*Assignment:* Copy, word for word, the lines below from the one containing "If you did have" up to and including the one containing "And you can", with pictures left out.

*Records to use:*
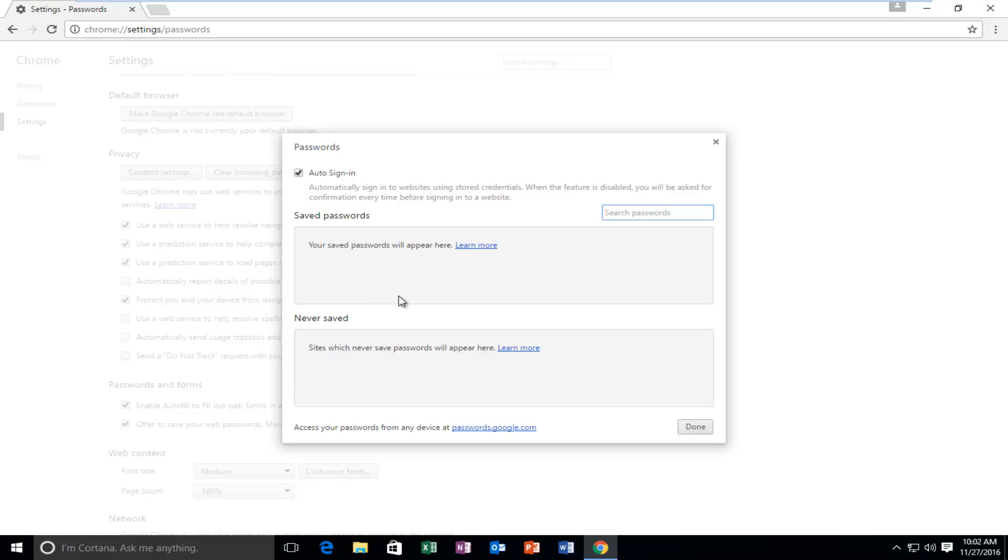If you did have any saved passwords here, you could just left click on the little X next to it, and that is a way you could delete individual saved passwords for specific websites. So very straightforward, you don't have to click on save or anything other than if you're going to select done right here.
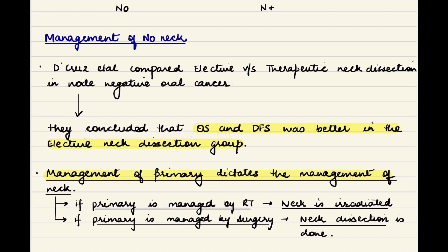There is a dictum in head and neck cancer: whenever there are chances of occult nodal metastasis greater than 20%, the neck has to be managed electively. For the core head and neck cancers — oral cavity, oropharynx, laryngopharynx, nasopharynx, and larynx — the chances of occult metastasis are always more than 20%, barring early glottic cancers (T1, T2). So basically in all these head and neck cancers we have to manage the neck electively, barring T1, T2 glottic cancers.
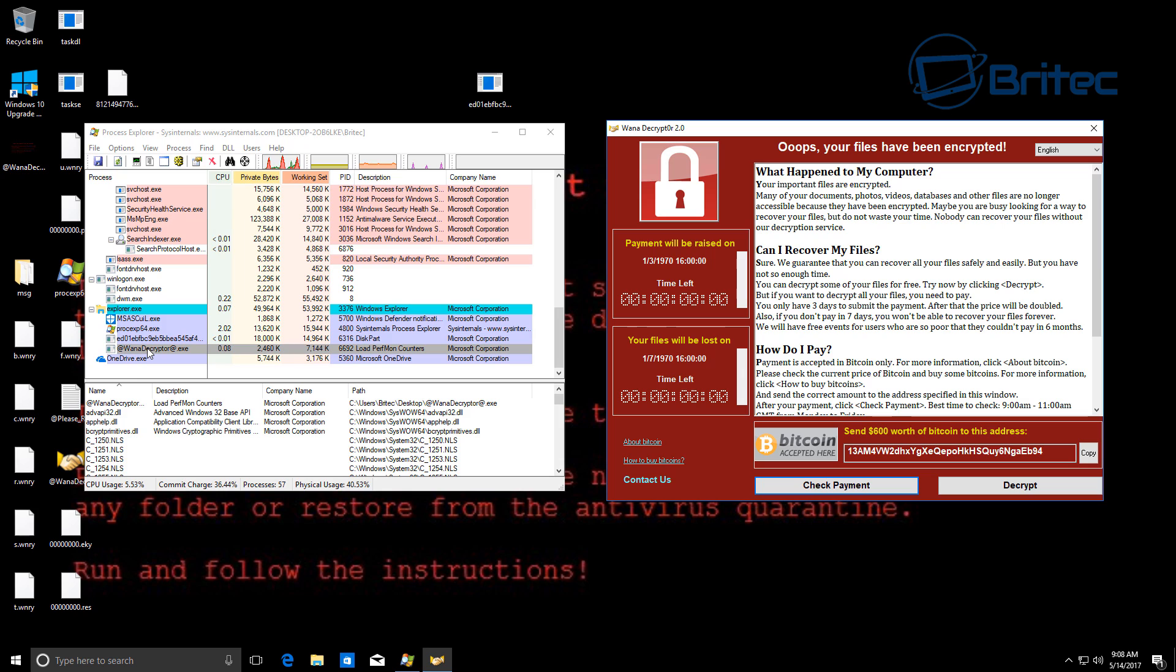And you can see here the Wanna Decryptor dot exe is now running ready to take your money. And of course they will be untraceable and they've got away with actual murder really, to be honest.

--

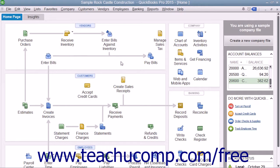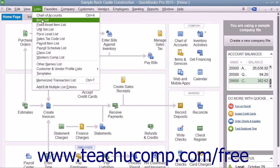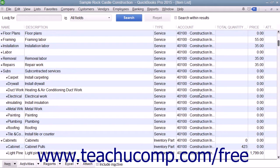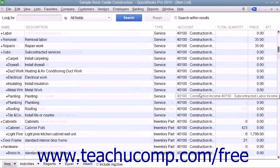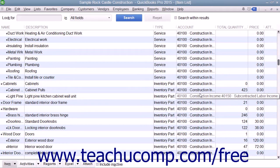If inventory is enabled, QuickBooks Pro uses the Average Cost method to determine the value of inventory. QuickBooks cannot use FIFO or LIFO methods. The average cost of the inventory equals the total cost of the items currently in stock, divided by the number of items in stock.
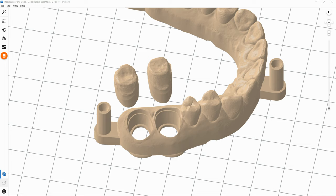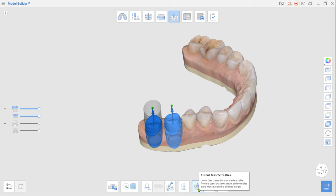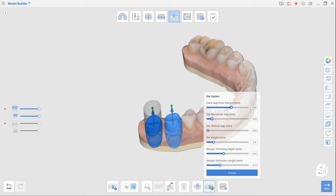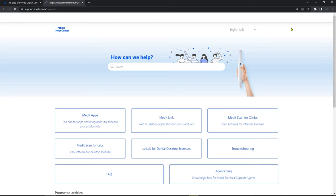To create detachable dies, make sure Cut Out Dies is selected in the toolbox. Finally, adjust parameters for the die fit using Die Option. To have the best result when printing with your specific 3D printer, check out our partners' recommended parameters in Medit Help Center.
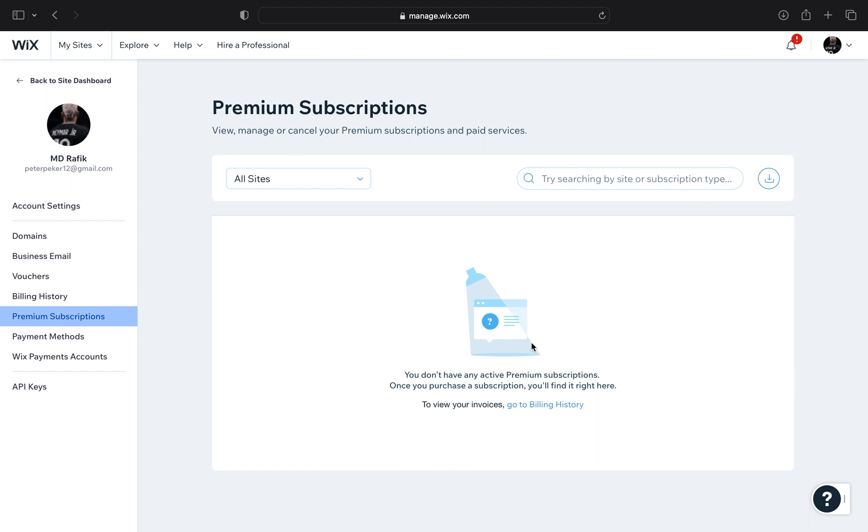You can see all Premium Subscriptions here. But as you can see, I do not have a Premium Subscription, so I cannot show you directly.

*Answer space:*
If you did have any saved passwords here, you could just left click on the little X next to it, and that is a way you could delete individual saved passwords for specific websites. So very straightforward, you don't have to click on save or anything other than if you're going to select done right here.
There is a dictum in head and neck cancer: whenever there are chances of occult nodal metastasis greater than 20%, the neck has to be managed electively. For the core head and neck cancers — oral cavity, oropharynx, laryngopharynx, nasopharynx, and larynx — the chances of occult metastasis are always more than 20%, barring early glottic cancers (T1, T2). So basically in all these head and neck cancers we have to manage the neck electively, barring T1, T2 glottic cancers.
And you can see here the Wanna Decryptor dot exe is now running ready to take your money. And of course they will be untraceable and they've got away with actual murder really, to be honest.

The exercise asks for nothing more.